The market rally came to a swift halt yesterday, as Coronavirus Pandemic fears and economic uncertainty reemerged. While there’s still fundamental strength in many key stocks, investors are beginning to see the reality of the economic decline. The Department of Labor announced yesterday that 1.5 million Americans filed for unemployment in the first week of June.
Over 44 million people have filed for unemployment since mid-March. This figure tracks those who file for the first time and doesn’t count those who were receiving unemployment benefits before the health crisis.
How Bad is the News?
The figure of 1.5 million is seasonally adjusted, so it’s as accurate a number that the government can provide. In addition, 706,000 people across 43 states filed for pandemic unemployment assistance.
While these are big numbers, the trend is still sloping downwards. Jobs were actually added to the economy last month, so some of the people who previously filed for unemployment are now working again.
The jobless claim figure, which counts people who receive unemployment benefits for two weeks in a row, dropped from 21.3 million to 20.9 million last week.
Unemployment, Congress May Continue to Offer Support
Lawmakers have injected more than $2 trillion into the worker economy during the Coronavirus Pandemic, with cash payouts and additional funding for unemployment benefits. The package is set to expire at the end of July, but it could be extended.
Democrats in the house are in support of extending the deadline with more funding, but there is some pushback on the other side of the spectrum. Key Republican lawmakers are concerned that more funding will deter people from finding jobs.
In 38 states, the unemployment benefit and $600 weekly pandemic payment boost is either equal to or more than the average weekly wage of those who lost their jobs.
It has been proposed that the additional $600 be removed from the benefits package.

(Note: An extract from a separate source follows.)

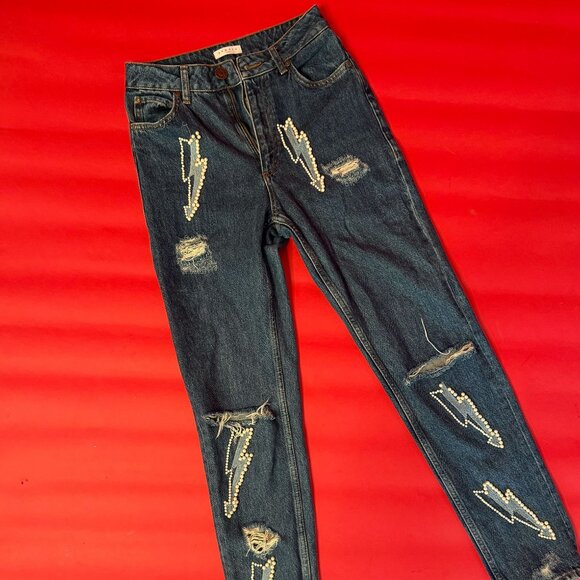 Striking Sandro Pearl-Embellished Jeans – French Designer Denim - Size US 2 - Picture 6 of 12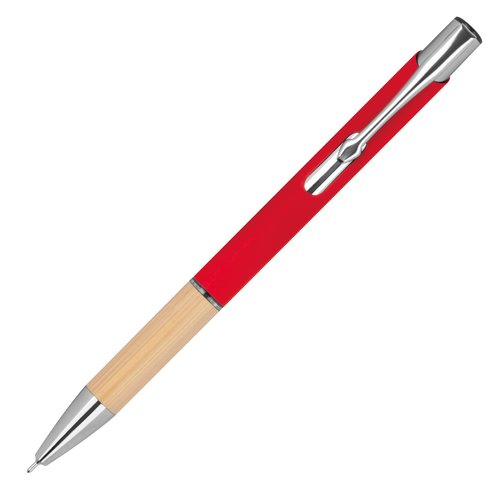 Rode gelpen van gerecycled materiaal met clip.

Watch Stocks Carefully Over the Coming Days
The Federal Reserve isn’t confident that the economy is ready to recover, and it stated this week that it will keep interest rates near-zero until at least 2022. It has estimated that gross domestic product will decline to -6.5% this year, meaning that America will officially be in a recession.
All of this news is important because it will change the activity of large investors. Once the negatives are calculated into stock prices, the market is likely to stabilize. Watching for the lows and investing in stable high-growth companies can help to protect a portfolio during this uncertain time.
You may be interested
California Tightens Coronavirus RestrictionsAdam R - November 30, 2020
California is America’s largest single-state economy. If it were a nation, it would have the world’s fifth-largest economy. With a…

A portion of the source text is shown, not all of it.